Various methods of making "personalized" children's storybooks--i.e., storybooks in which personal information about the child recipient is incorporated in the story line text--have been proposed and are known in the art. One previously proposed method has been to obtain personalized information pertaining to the intended child recipient, incorporate the personalized information in the story line text, print the personalized text on loose book pages, and then bind the printed pages to form a personalized storybook. While this one-at-a-time method of creating a personalized children's storybook results in a totally personalized book, it is also quite cumbersome and relatively expensive.
A sticker-based improvement in this method of making a personalized children's storybook is illustrated and described in U.S. Pat. No. 5,190,316 to Hefty and is carried out by preprinting a nonpersonalized children's storybook in which the various pages bound into the preprinted book have both nonvariable and variable textual portions. As preprinted, the storybook is complete as to its story line, but may be personalized by obtaining personal information relating to the intended child recipient of the finished book and incorporating the obtained information into textual portions printed on stickers disposed on a peel-off sticker sheet.
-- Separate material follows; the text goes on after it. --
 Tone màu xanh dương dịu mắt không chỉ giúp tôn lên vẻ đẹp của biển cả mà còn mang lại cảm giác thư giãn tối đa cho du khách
The variable text portions disposed on the preprinted book pages are typically located in colored areas of their associated pages which are bounded by a guide periphery having a shape identical to that of the personalized text sticker to be adhered thereto over the variable text. Once each sticker is so adhered, the sticker covers and hides the variable text, and replaces it with the personalized text on the sticker. In order to maintain the overall color scheme of the page on which each sticker is adhered, and hide the variable text which it covers, each sticker is opaque and has a color substantially identical to the guide periphery-bounded page area to which it will be adhered.
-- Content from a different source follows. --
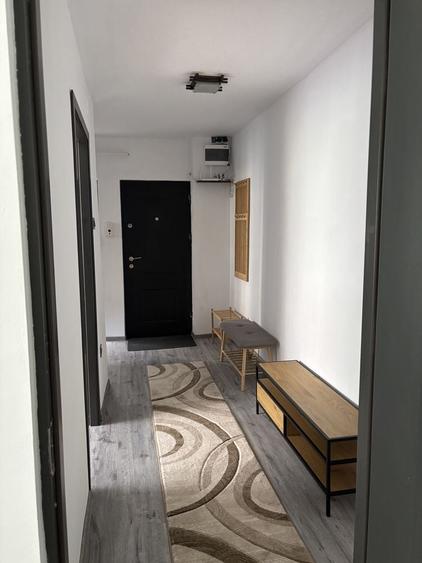 Apartament cu 2 camere decomandat în Precista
While this sticker-based method desirably permits the preprinted book to be personalized after it is purchased and given to the child recipient, the method carries with it several problems, limitations and disadvantages. For example, since the opaque stickers must be precisely aligned with the bordered variable text areas which they are designed to cover, care must be taken to properly adhere the stickers to their associated page areas to avoid exposing some of the underlying variable text and/or giving the in-place stickers undesirable misaligned appearances in the subsequently personalized storybook. This potential sticker misalignment problem is particularly acute when a small child attempts to personalize his new book.
Additionally, the necessity to match the colors of the various stickers with the variable text page areas which they will ultimately cover typically requires that separate supplies of sticker sheets, with differently colored stickers thereon, be inventoried to accommodate preprinted books with different story lines and art work therein. Because of this requirement, a seller of preprinted books with various story lines and illustrations therein can easily run out of sticker sheets for one or more of the books, while winding up with an oversupply of sticker sheets for other preprinted books in his inventory.
In view of the foregoing it can be seen that it would be desirable to provide an improved sticker-based method for personalizing a preprinted children's storybook. It is accordingly an object of the present invention to provide such an improved method and a children's storybook made thereby.